Smoke temperature of each case

In Case 1, in which no dust collector was installed, the temperature reached a maximum of 102.8°C, and the respiratory limit exposed to risk of inhalation burns was 65.7 s.

In Case 2, where the automatic opening vent was installed, the temperature remained at approximately 40°C, confirming that there was no risk of inhalation burns throughout the 300-s duration.

In Case 3, where exhaust nozzles were installed, the temperature exceeded 60°C after 145.8 s, eventually reaching a maximum of 84.0°C.

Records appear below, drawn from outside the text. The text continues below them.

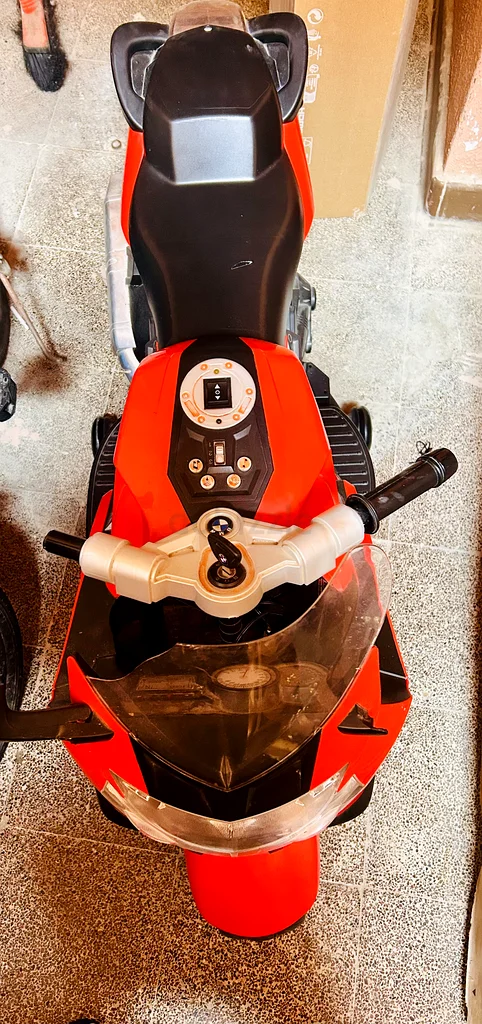 BMW K1300 S Ride-on Toy Motorcycle for Kids63175743901186112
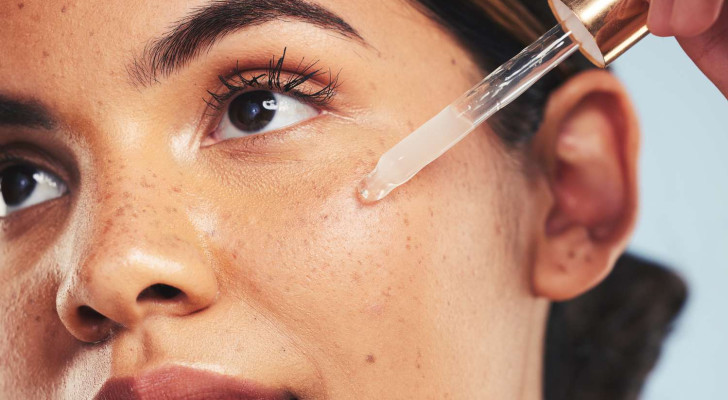 طبيب جلدية يجيب.. هل من الآمن استخدام الريتينول إذا لم يكن لديك حب الشباب؟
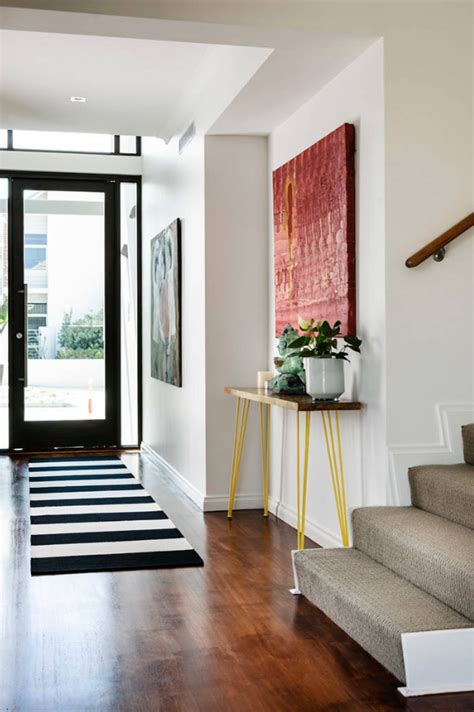 7 Designer Tricks To Create A Stunning Entrance To Your Home Better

Figure 7 shows the smoke layer with the temperature and optimized EN, viewed from the front 2D cross-sections at the detection point of each case.

Figure 7:

Smoke and heat dispersion of optimized EN

(a) Illustrates the flow behavior with smoke layer at 145.5 s for comparison with Case 3. At this point, the smoke layer lifted with a more stable condition than (b) of Figure 5.

(b) shows the stabilized smoke layer with flow behavior at 249.8 s, representing the condition after the optimized exhaust nozzle is triggered, compared with (C) of Figure 4.

Figure 8 shows the temperatures at the respiratory safety limit height (1.8 m) for each case, similar to that shown in Figure 6, but with the exhaust nozzle area set to optimize the smoke temperature. To achieve an effect similar to vertical flow, the total area of the exhaust nozzles was set to be 4.8 times larger than that of the automatic opening vent. The results confirmed that the exhaust nozzles achieved comparable thermal performances in terms of temperature and response time. However, the efficiency was lower than that when the area was increased.

Figure 8:

Smoke temperature with optimized parameters

This suggests that horizontal-flow-based exhaust systems can be considered in situations where the design makes it difficult to apply vertical-flow-based exhaust systems.